Under the statutes of this State, as well as by principles of common law, defendant was prohibited from discriminating between its customers, situated under like circumstances, either as to the service rendered or the charges made therefor. Plaintiffs had a right to rely on the presumption that defendant would obey the law and would give them the benefit of the rate they were entitled to receive under the published schedule. Being in a position both as to an understanding of the true meaning of the schedule and as to the appliances or methods for ascertaining the measured demand applicable to plaintiff, defendant’s obligation was to deal fairly and give plaintiffs the benefit of the most favorable rate which they were entitled to receive.
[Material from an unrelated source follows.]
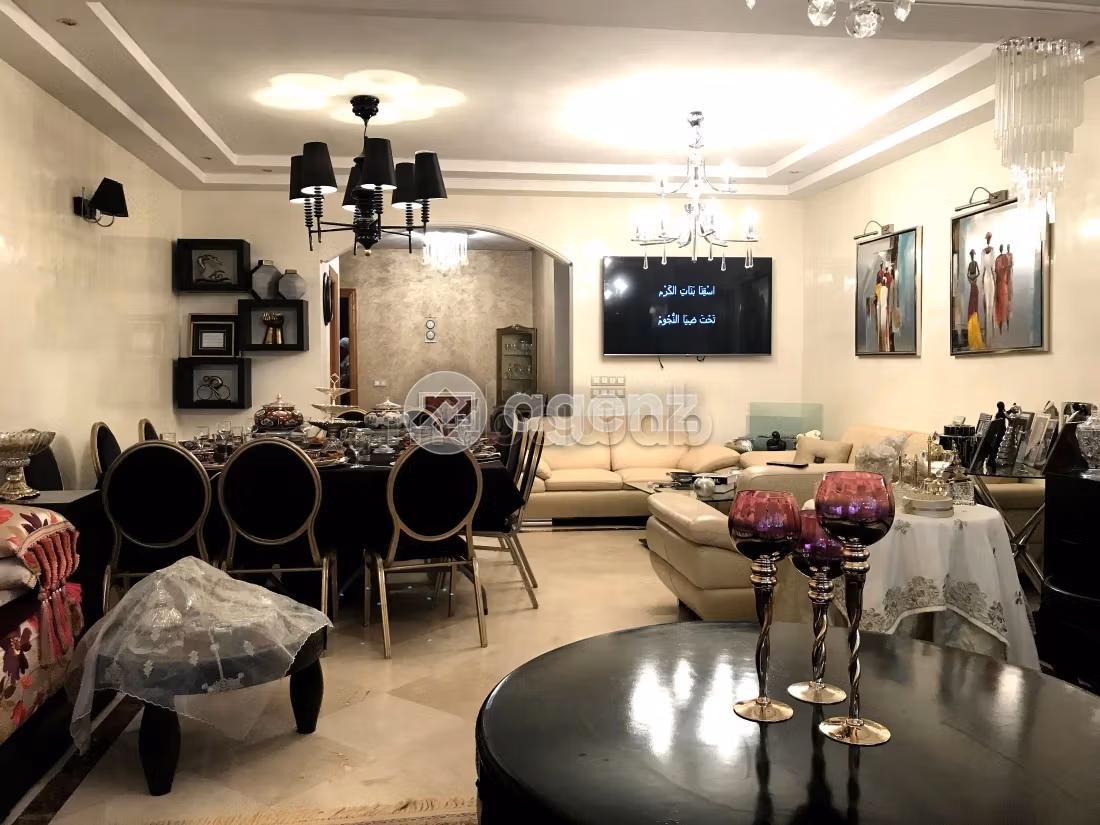 Apartamento en venta de 143 m², 3 habitaciones Hamria Meknès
Oklahoma Gas & Electric Co. v. Shipley, 190 Ark., 758, 80 S. W. (2d) 635; Salisbury & S. R. Co. v. Southern Power Company, 179 N. C., 18, 101 S. E., 593, 12 A. R. L., 304. See also rules and orders of State Public Service Commissions shown in Annotation at pages 1066, 1067 of 38 A. L. R. We. do not intend to hold that public utility companies in every instance are under a legal obligation, prior to installation of *503service, to see that customers receive the most economical service and rates, but we do hold that under the circumstances of this case plaintiffs had a right to rest upon the assumption that the bills rendered were not discriminatory, but were based upon a correct estimate of the measured demand. Whatever may be the rule with reference to the use of diligence to discover fraud, we hold in this instance that owing to the relation of the parties, as above set forth, plaintiffs were under no duty to exercise diligence to discover the overcharges (even if they could have reasonably done so) until they came into possession of facts sufficient to cause them to distrust defendant, and also to put an ordinarily prudent person on inquiry. In our opinion, defendant has failed to show any fact or circumstance which justifies us in holding, as a matter of law, that plaintiffs were put upon inqury, and the finding of the jury on the question of notice is in harmony with and supported by the facts and circumstances.

The trial court therefore erroneously disregarded this finding, and the Court of Civil Appeals was correct in reversing and rendering judgment in favor of plaintiffs. In the recent case of Texas Power & Light Company v. Hilltop Baking Co., 78 S. W. (2d) 718, a like question was involved, and the dismissal of the petition for writ of error necessarily constituted an approval of the holding of the Court of Civil Appeals on the question of limitation.

The judgment of the Court of Civil Appeals is affirmed.

Opinion adopted by the Supreme Court January 13, 1937.